## TASK ITEM
Copy nothing but the lines from the one containing "Плівкова тепла підлога" through the last line of the entries below, exactly as written and without pictures.

_ _ _ _ _

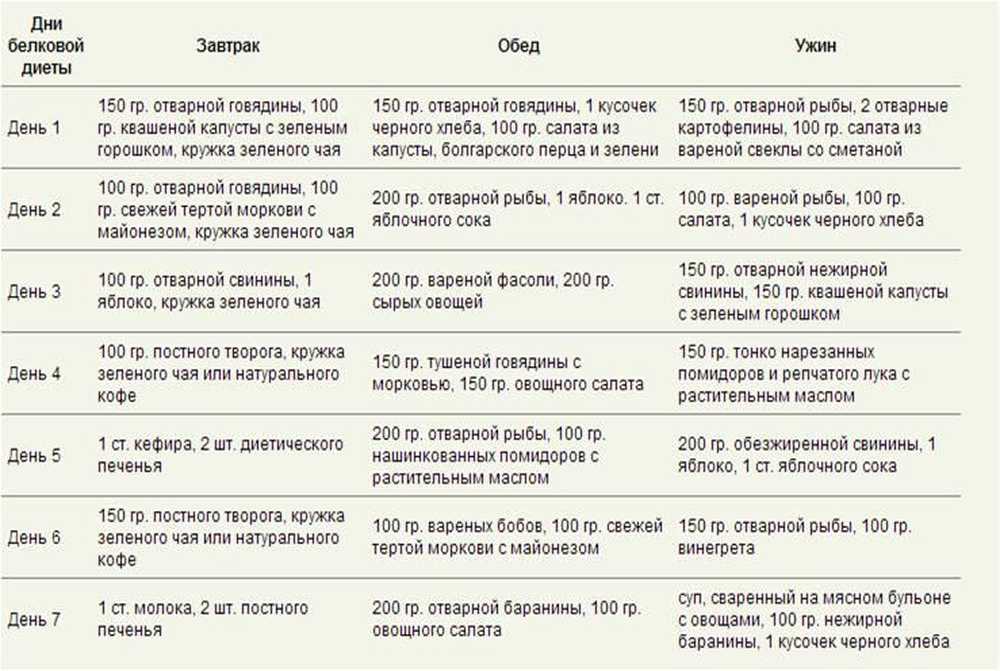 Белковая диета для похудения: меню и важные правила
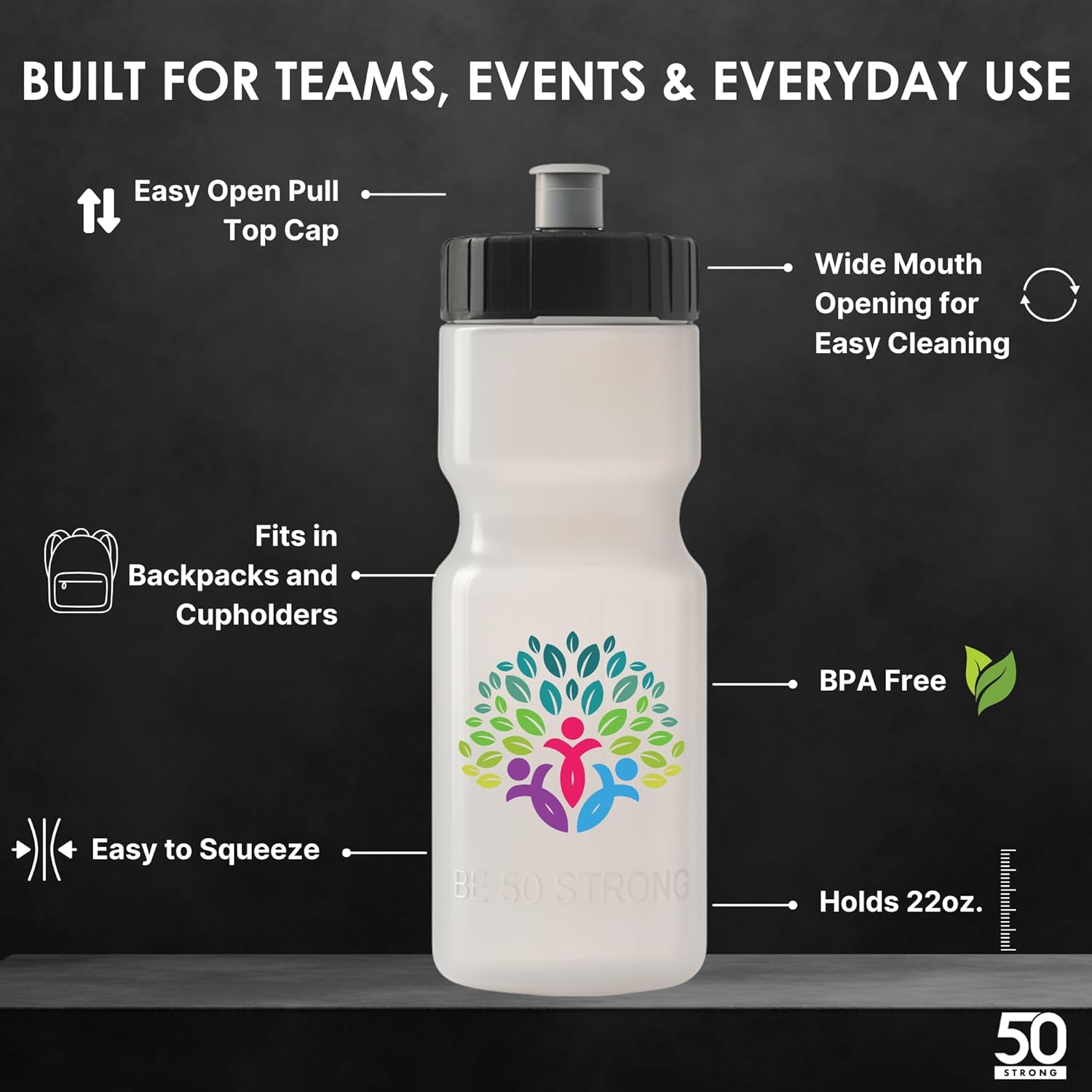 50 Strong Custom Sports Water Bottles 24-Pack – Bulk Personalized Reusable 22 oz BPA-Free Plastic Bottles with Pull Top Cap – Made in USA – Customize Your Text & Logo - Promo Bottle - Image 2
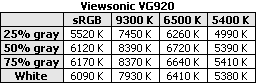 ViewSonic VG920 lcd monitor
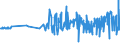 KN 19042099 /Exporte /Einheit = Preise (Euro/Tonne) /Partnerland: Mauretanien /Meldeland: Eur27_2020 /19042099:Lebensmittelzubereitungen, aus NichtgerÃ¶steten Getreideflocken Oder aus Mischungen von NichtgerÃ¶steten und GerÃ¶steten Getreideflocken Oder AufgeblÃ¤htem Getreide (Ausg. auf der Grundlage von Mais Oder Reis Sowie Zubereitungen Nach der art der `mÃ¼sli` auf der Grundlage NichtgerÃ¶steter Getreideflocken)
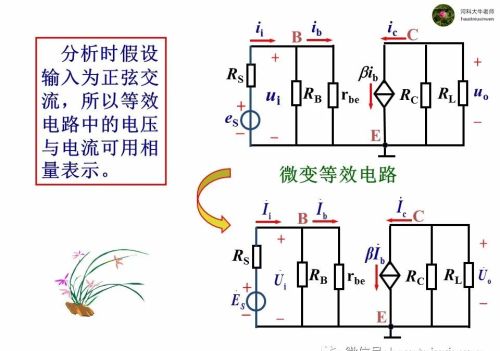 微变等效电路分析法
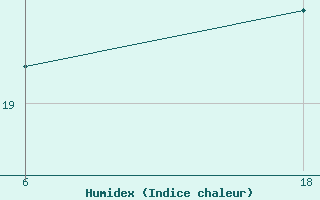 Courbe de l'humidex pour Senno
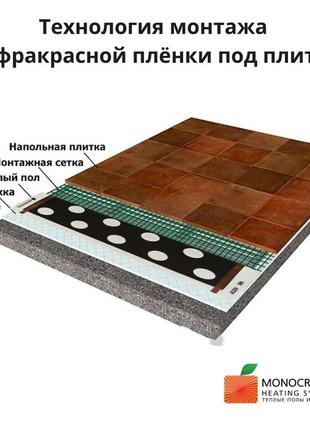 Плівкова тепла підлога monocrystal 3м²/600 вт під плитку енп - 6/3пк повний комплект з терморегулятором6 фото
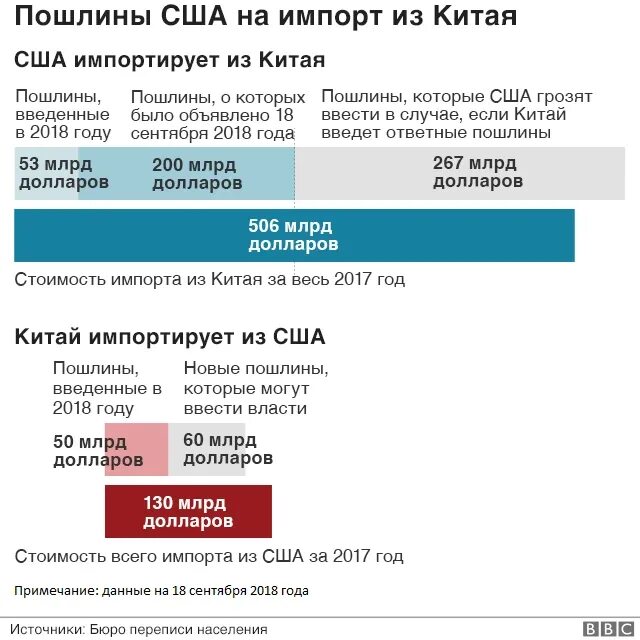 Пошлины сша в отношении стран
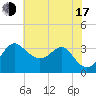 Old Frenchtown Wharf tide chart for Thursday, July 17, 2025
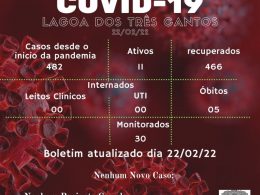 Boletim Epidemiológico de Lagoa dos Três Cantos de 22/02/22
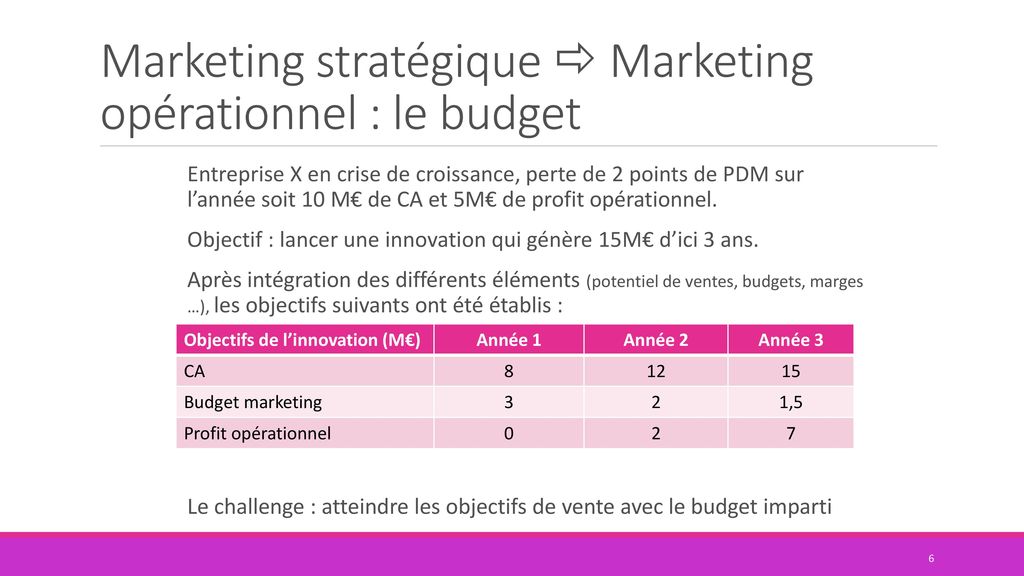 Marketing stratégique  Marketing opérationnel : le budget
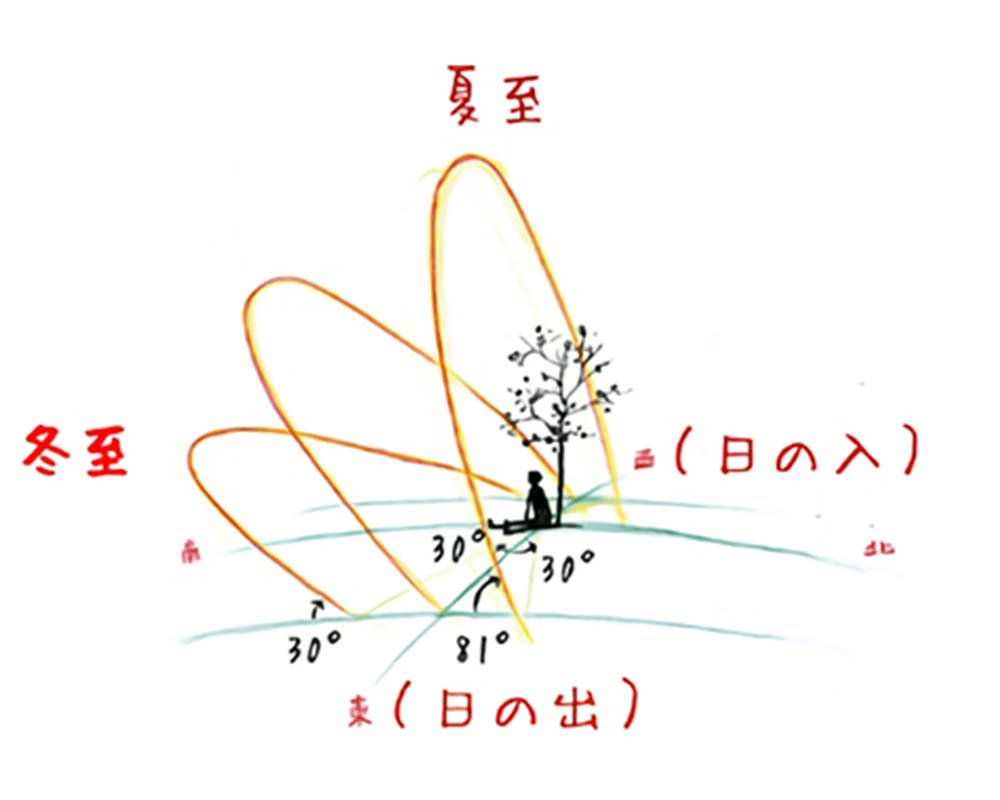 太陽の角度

_ _ _ _ _

## EXERCISE SOLUTION
 Плівкова тепла підлога monocrystal 3м²/600 вт під плитку енп - 6/3пк повний комплект з терморегулятором6 фото
 Пошлины сша в отношении стран
 Old Frenchtown Wharf tide chart for Thursday, July 17, 2025
 Boletim Epidemiológico de Lagoa dos Três Cantos de 22/02/22
 Marketing stratégique  Marketing opérationnel : le budget
 太陽の角度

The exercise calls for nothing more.